As explained by Jon in his previous post, we are using precomputed global illumination in The Witness, and one of my first tasks was to work on that system.
I have developed some interesting technology to compute automatic paramaterizations, to formulate the lighting computations in a way that can be easily mapped to the GPU, and to speed them up performing them at a lower frequency by using irradiance caching. None of these things are very cutting edge, but I run into some interesting problems that are usually overlooked in the literature and came up with some creative solutions that I think would be interesting to share. However, in retrospect, I think I also made some mistakes, but I hope that being honest about them will help me avoid them in the future.
In this first post I will describe the lightmap parameterization algorithm that I have implemented and in the next few posts I'll cover other details of our lighting system such as our approach to perform final gathering using hemicubes and our implementation of irradiance caching.
In order to use precomputed lighting we need a way of mapping these lighting computations to the surfaces. One possibility is to store them per vertex, but in many cases that does not provide enough resolution and the interpolation of the lighting makes the triangulation of the mesh fairly obvious. Many games get away with that by compensating the lack of detail in the lighting with high texture and normal map detail, but that does not go along well with the graphical style that Jon wants to achieve. So, instead of that we decided to create full parameterizations of our objects in order to store the precomputed lighting into lightmap textures.

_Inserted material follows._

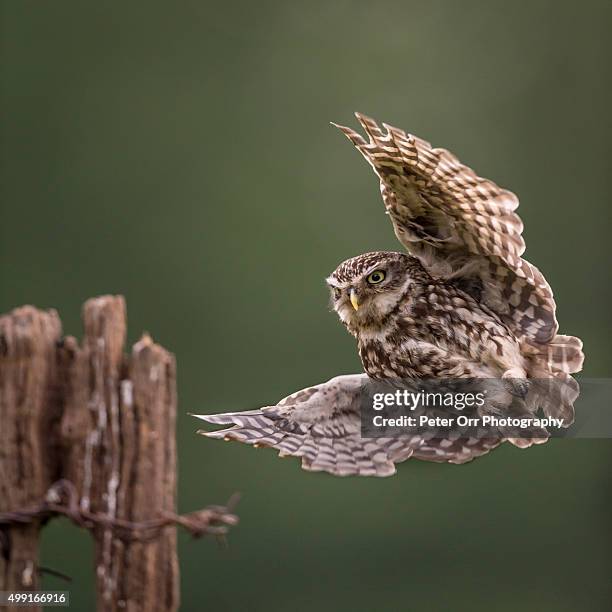 little owl landing - little owl stockfoto's en -beelden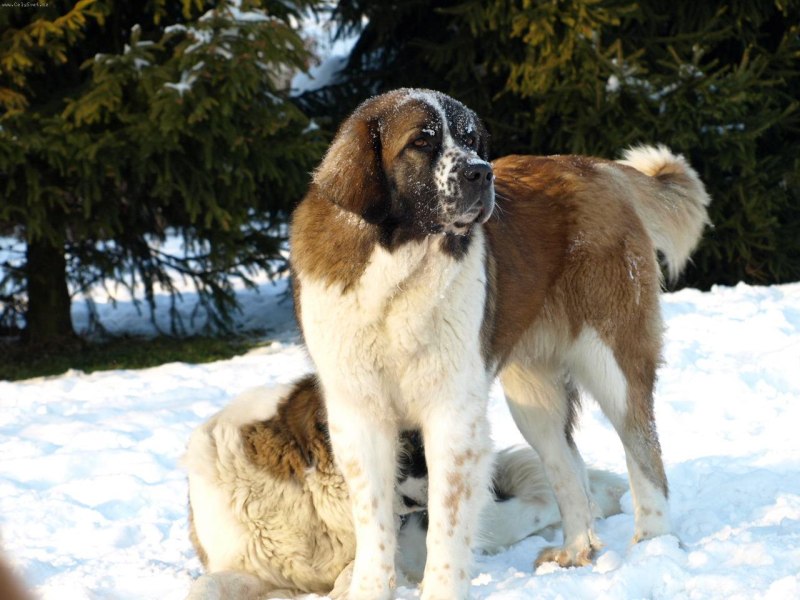 Овчарка охранник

Creating these parameterizations by hand is possible, but it is time consuming and I'd rather have our artists work on something more enjoyable. So, we decided to create the parameterizations automatically. However, the greatest mistake I've made so far is to not look more carefully at the available solutions to accomplish that. I had some pieces of the implementation already available, and I overestimated how much effort it would take to put them together and produce robust results. While talking about this to some friends at GDC one of them asked why I wasn't using Microsoft's UVAtlas tool, and to my dismay and embarrassment my only answer was that it had not occurred to me. I think that goes to prove how valuable it is to be open about our development in a small team like ours.
Now that I got that out of the way, let's talk about the tech. We only use lightmaps to represent indirect illumination and the direct illumination of static area lights. So, our expectation was that lightmaps would be fairly smooth and that seams would not be a huge problem. For this reason we decided not to invest in a solution that guaranteed seamless parameterizations and instead used a fairly traditional approach: We first divide the input geometry into charts with disk topology, parameterize them individually, and finally pack them into a rectangular texture.

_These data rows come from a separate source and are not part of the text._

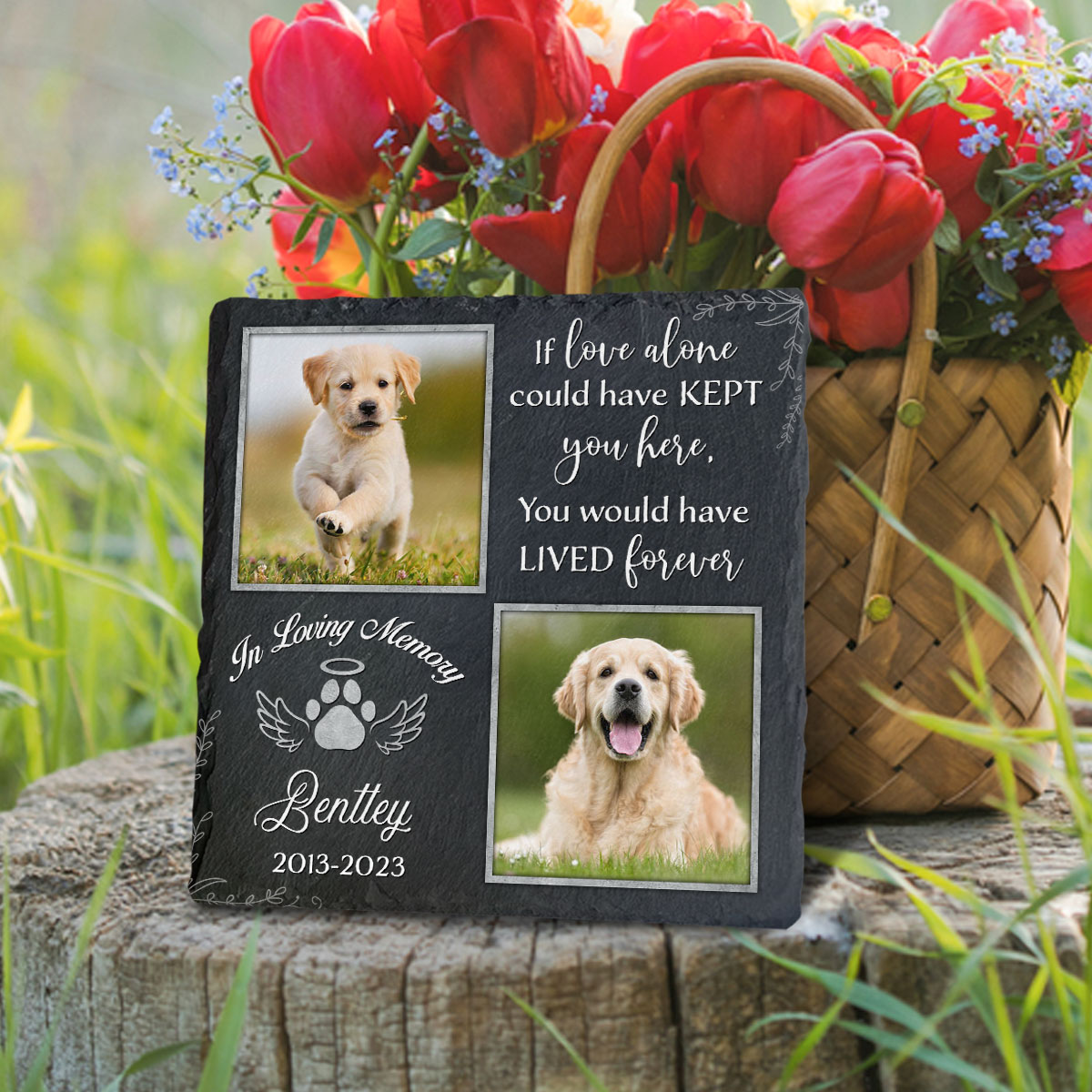 Passed Away Song For Loss Of Dog 30 Loss Of Dog Quotes That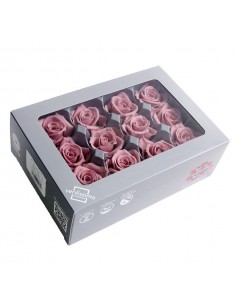 Rosa preservada Cherry Blossom / Flor de cerezo. Pack 12Unidades.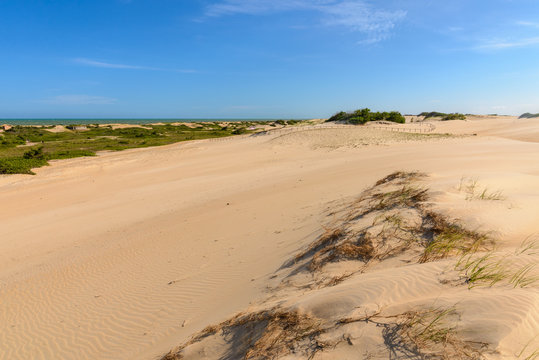 Vista das Dunas de Ita&uacute;nas, Concei&ccedil;&atilde;o da Barra, Esp&iacute;rito Santo, Brasil.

Dividing the mesh into charts is by far the most complex step of the process. In the past I had tried using hierarchical clustering without much success, so this time around I decided to use an iterative clustering algorithm similar to Lloyd's algorithm, in the same vein as the algorithm used in the Multi-chart geometry images (MCGI) paper.
Like Lloyd's clustering algorithm, the MCGI algorithm iterates between chart growing and reseeding stages. The growth of the charts is guided by a metric based on the normal deviation and the distance between the face centroids. After each chart growing iteration a new seed is selected taking the most central face of the chart, and the process is repeated until the seed location does not change anymore.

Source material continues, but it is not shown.